This repository showcases using Terraform to provision a Vercel project with environment variables.
Terraform is an open-source infrastructure as code (IaC) tool that allows you to manage and provision infrastructure resources such as servers, storage, networks, and more across multiple cloud platforms and service providers using a declarative configuration language. It enables you to create, modify, and destroy infrastructure resources in a repeatable and consistent manner.
Infrastructure as code makes it easier to version, share, and collaborate with others, and ensures that your infrastructure is always up-to-date and consistent with your desired state. Terraform provides a powerful execution plan feature that helps you to understand the changes that will be made to your infrastructure before you apply them.
In Terraform, state refers to the current state of the infrastructure that is being managed. This includes information about the resources that have been created, their current configuration, and any dependencies between them.
Terraform stores this state information in a state file which it uses to determine the changes that need to be made to the infrastructure when you run the terraform apply
command.
The state file is either stored locally on your machine or remotely in the cloud (such as an S3 bucket, database or VCS provider).

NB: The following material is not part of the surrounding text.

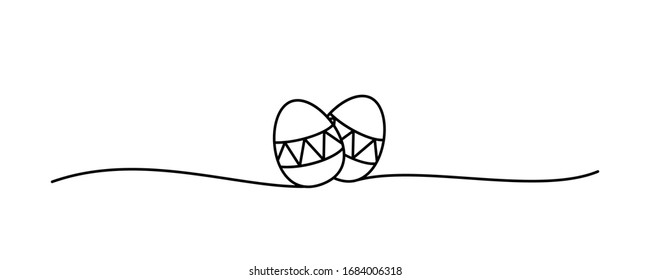 Easter eggs banner in black scribble style hand drawn with thin line, divider shape. Isolated on white background. Vector illustration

Remote storage is useful when working in a team and/or when you want to execute Terraform via CI.
This command initializes a working directory containing Terraform configuration files. This is the first command that should be run after writing a new Terraform configuration or cloning an existing one from version control.
It is safe to run this command multiple times. It pulls down providers listed within the Terraform script and generates a lockfile (.terraform.lock.hcl
) listing the versions used.
During init, the root configuration directory is consulted for backend configuration and the chosen backend is initialized using the given configuration settings. This allows the script to read and write remote state.
terraform init
You can use this command to create an execution plan by reading current state and diffing it against the current script. Use this command to check whether the proposed changes match what you expected before you apply the changes. If Terraform detects that no changes are needed to resource instances then the command will report that no actions need to be taken.
You can use the optional -out=FILE
option to save the generated plan to a file on disk, which you can later execute by passing the file to terraform apply
as an extra argument. This two-step workflow is primarily intended for when running Terraform in automation.
terraform plan -out=plan
The terraform show command is used to provide human-readable output from a state or plan file. This can be used to inspect a plan to ensure that the planned operations are expected, or to inspect the current state as Terraform sees it.
terraform show "plan"
The terraform apply command executes the actions proposed in a Terraform plan.
When you run terraform apply without passing a saved plan file, Terraform automatically creates a new execution plan as if you had run terraform plan, prompts you to approve that plan, and takes the indicated actions.
When you pass a saved plan file to terraform apply, Terraform takes the actions in the saved plan without prompting you for confirmation. You may want to use this two-step workflow when running Terraform in automation.
terraform apply "plan"
The terraform destroy command is a convenient way to destroy all remote objects managed by a particular Terraform configuration.
While you will typically not want to destroy long-lived objects in a production environment, Terraform is sometimes used to manage ephemeral infrastructure for development purposes, in which case you can use terraform destroy to conveniently clean up all of those temporary objects once you are finished with your work.